O Evangelho deveria ser o norteador de absolutamente tudo que acontece
na igreja, justamente por que a igreja deveria estar sendo conduzida sob
a direção do Evangelho. O grande problema que pode ser observado e que
se torna um desafio para nossos dias é que os falsos ensinos e falsos
mestres estão se multiplicando como fogo em palha, justamente pelo
clamor e anseio de gostos pessoais.
Nestes dias tão
estranhos, o que deixa grande parte dos crentes irritados já não são os
falsos mestres e seus ensinos. O que os aborrece são justamente aqueles
que denunciam a perversão do Evangelho e confrontam a operação dos
“hereges de estimação”. Percebe-se uma clara inversão de valores e nunca
será tarde para combater e bradar contra aquilo que foge ao padrão
bíblico, já que não são poucos os tragados pelos falsos ensinos.

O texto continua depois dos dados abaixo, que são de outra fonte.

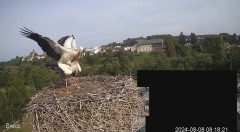 IMG_3050.jpeg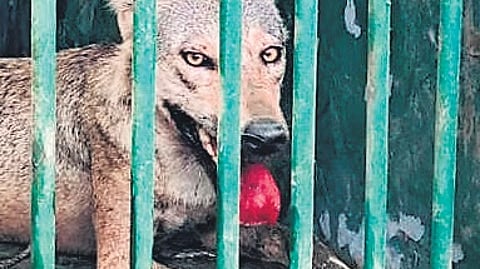 MP to radio-collar wolves to study their co-existence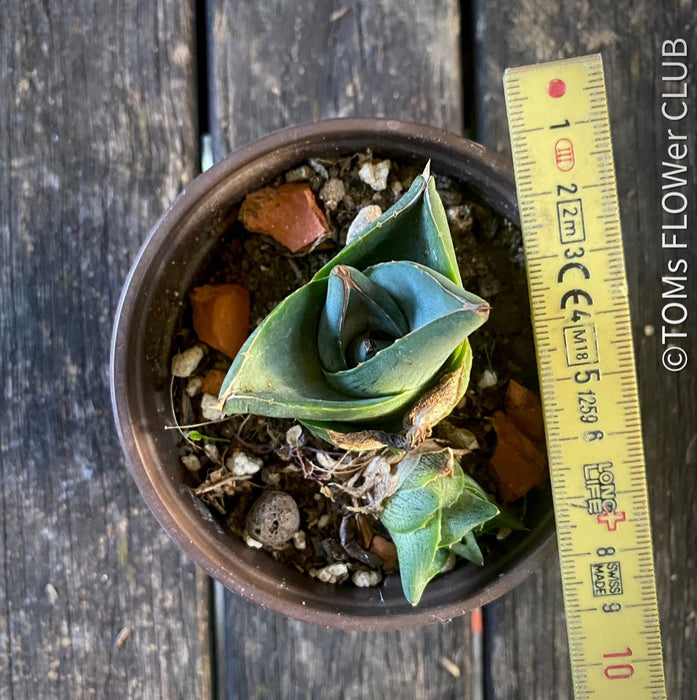 Agave Pumila sun loving succulent plant for sale at TOMs FLOWer CLUB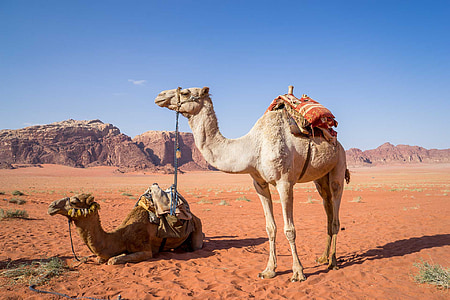 two brown and white camel near brown mountains under blue sky at daytime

Disse
Spurgeon:
Falsos mestres que hábil
e laboriosamente caçam preciosas vidas, devorando homens com suas
falsidades, são perigosos e detestáveis como lobos da noite. Corremos
muito perigo quando eles se vestem com pele de ovelha. Abençoado é
aquele que está livre deles, pois milhares se tornam presas de lobos
atrozes que transitam nos arredores da igreja. [1]
Eles estão espalhados,
infiltrados por todos os lados. Não se trata de mera especulação ou
mesmo de síndrome de conspiração. Basta observar o conteúdo das
pregações, congressos, retiros, livros e músicas! Ah as músicas, grande
celeiro de ensinos duvidosos, fábrica de ídolos, pervertedores do
Evangelho. Livros e mais livros nas fileiras de Best Sellers que ensinam
de tudo sob o rótulo de cristão, porém com pouco ou nada de Evangelho.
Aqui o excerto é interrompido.